### What the task asks
For this exercise, copy exactly every line from the one holding "Photo nue de fuite OnlyFans de Holiwhirl" through the end of the data, both included. Omit pictures.
┄┄┄┄┄┄┄┄┄┄
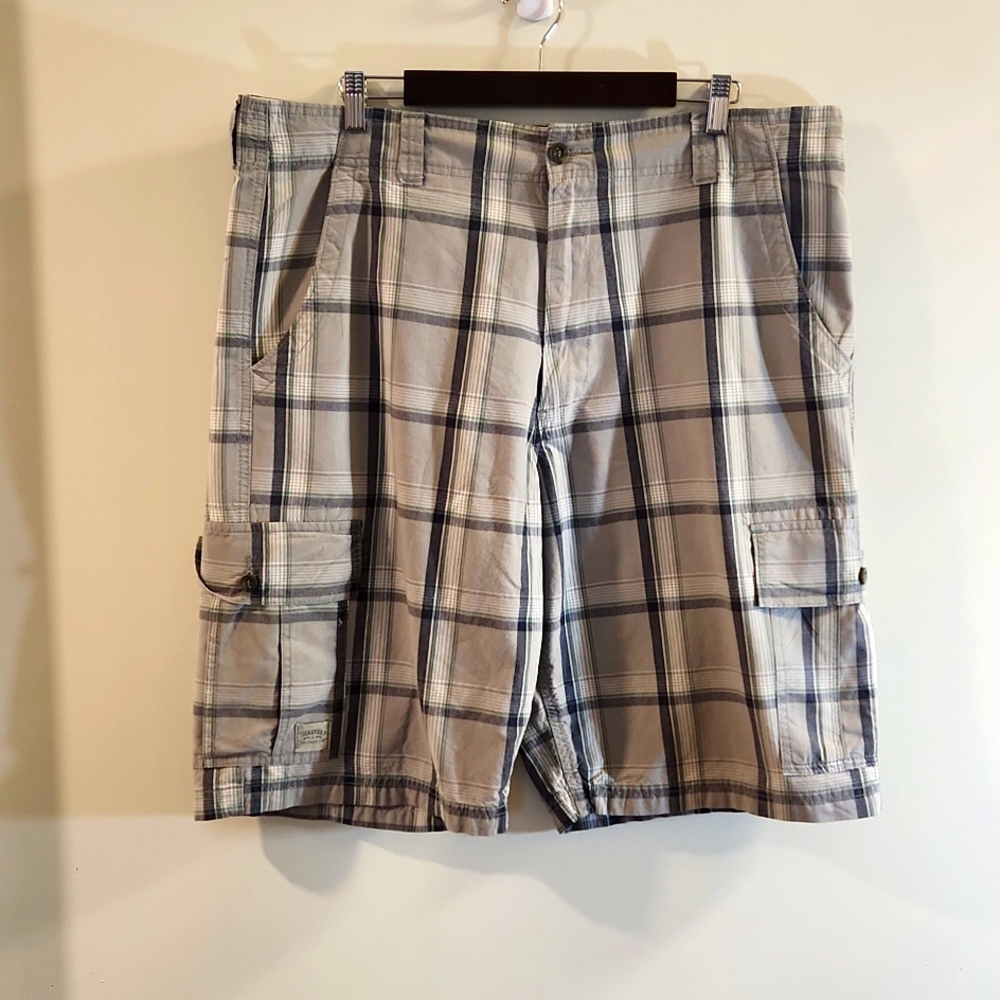 Levi~ Men's Cargo Shorts Size 40
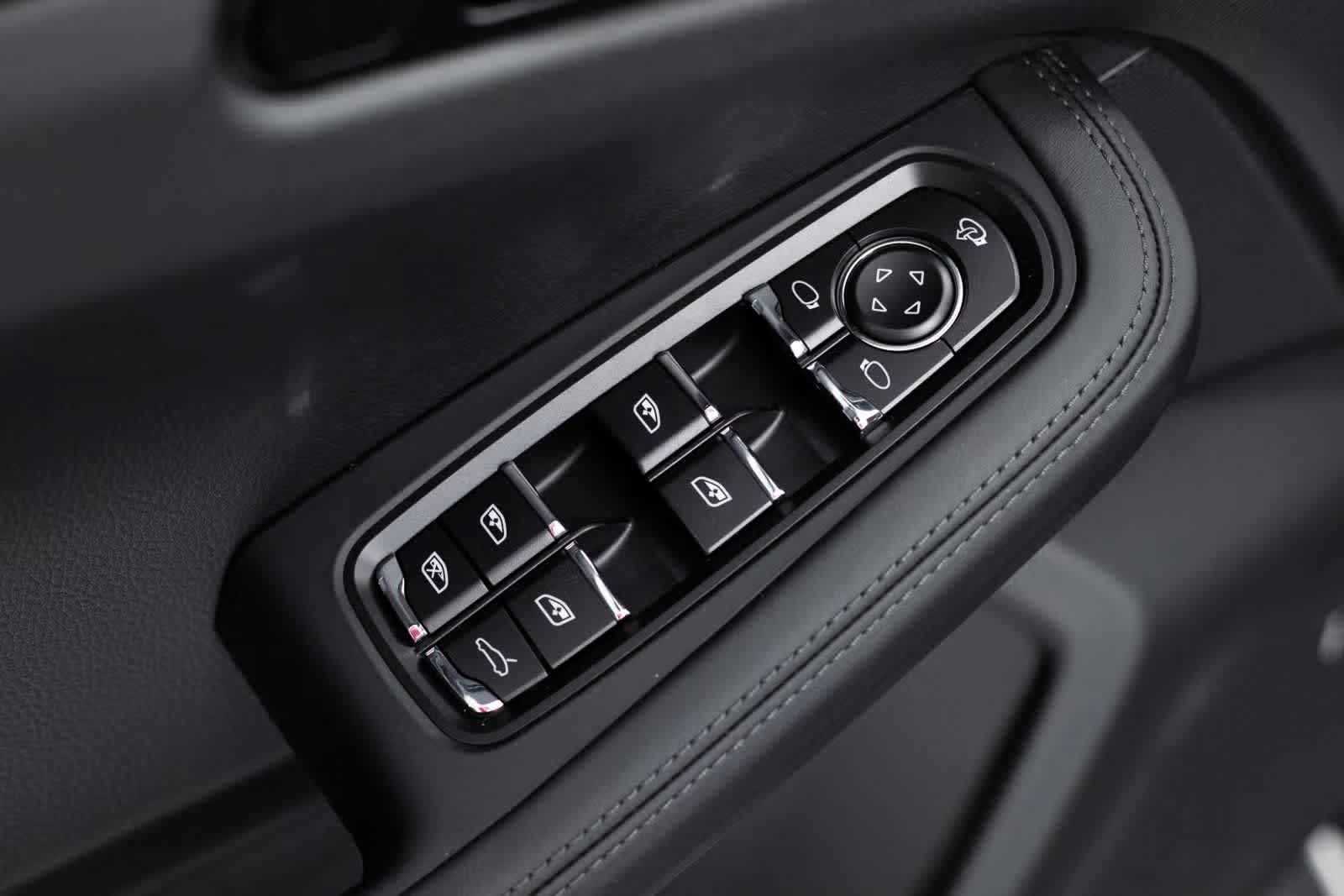 Thumbnail: 2025 Porsche Macan - 17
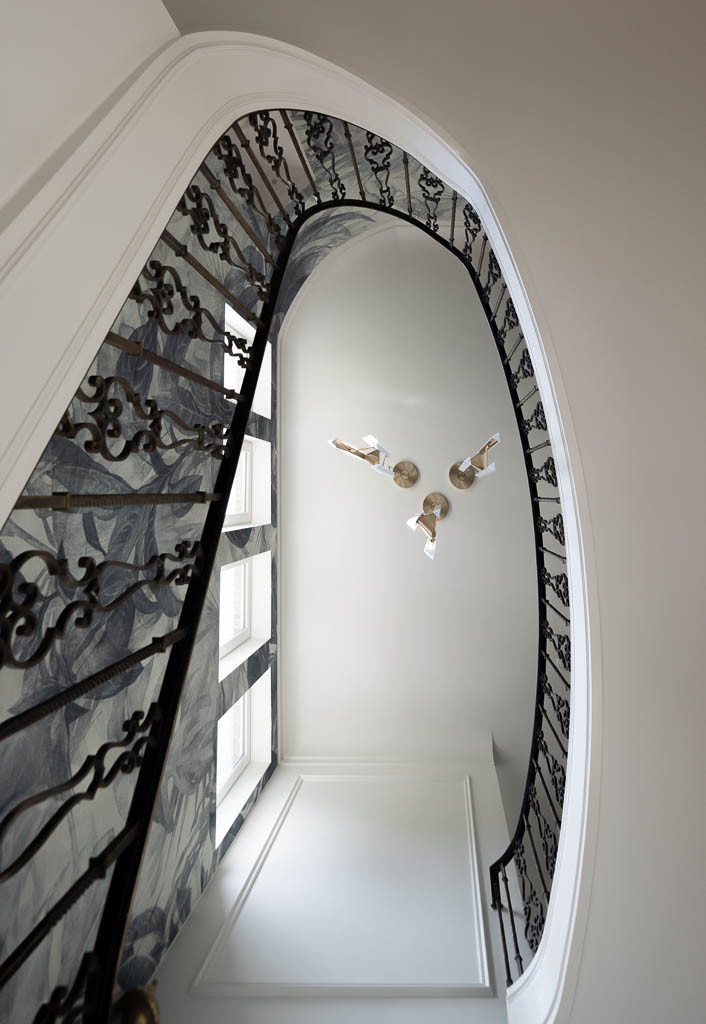 Villa Woluwe – Creating a Timeless Oasis: A Family Villa with a Southern French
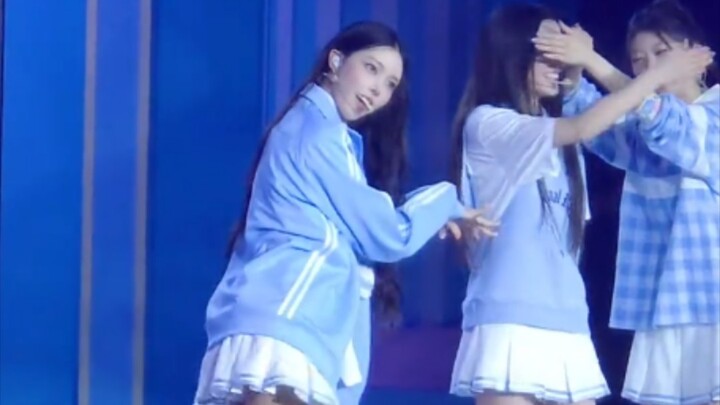 YUNAH跳《短裙》~moka表示忙内不许看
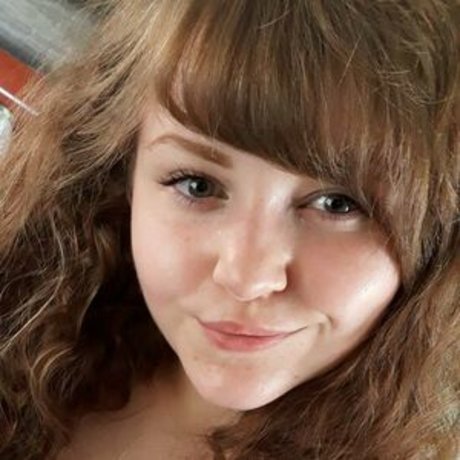 Photo nue de fuite OnlyFans de Holiwhirl
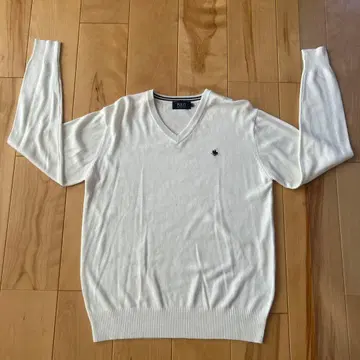 POLO 화이트 V넥 니트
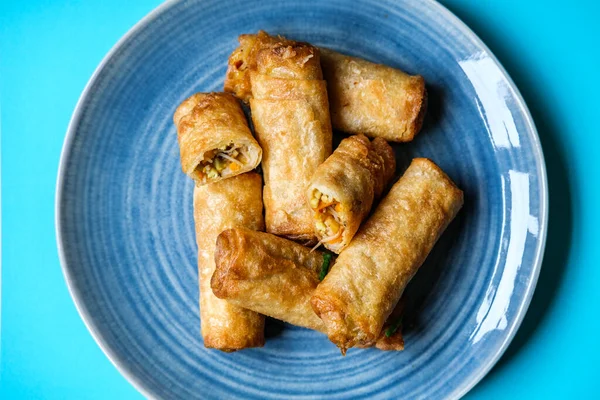 Londra İngiltere, 11 Eylül 2025, Klasik Çin Stili Sebzeli Bahar Ekmeği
┄┄┄┄┄┄┄┄┄┄
### Written response
 Photo nue de fuite OnlyFans de Holiwhirl
 POLO 화이트 V넥 니트
 Londra İngiltere, 11 Eylül 2025, Klasik Çin Stili Sebzeli Bahar Ekmeği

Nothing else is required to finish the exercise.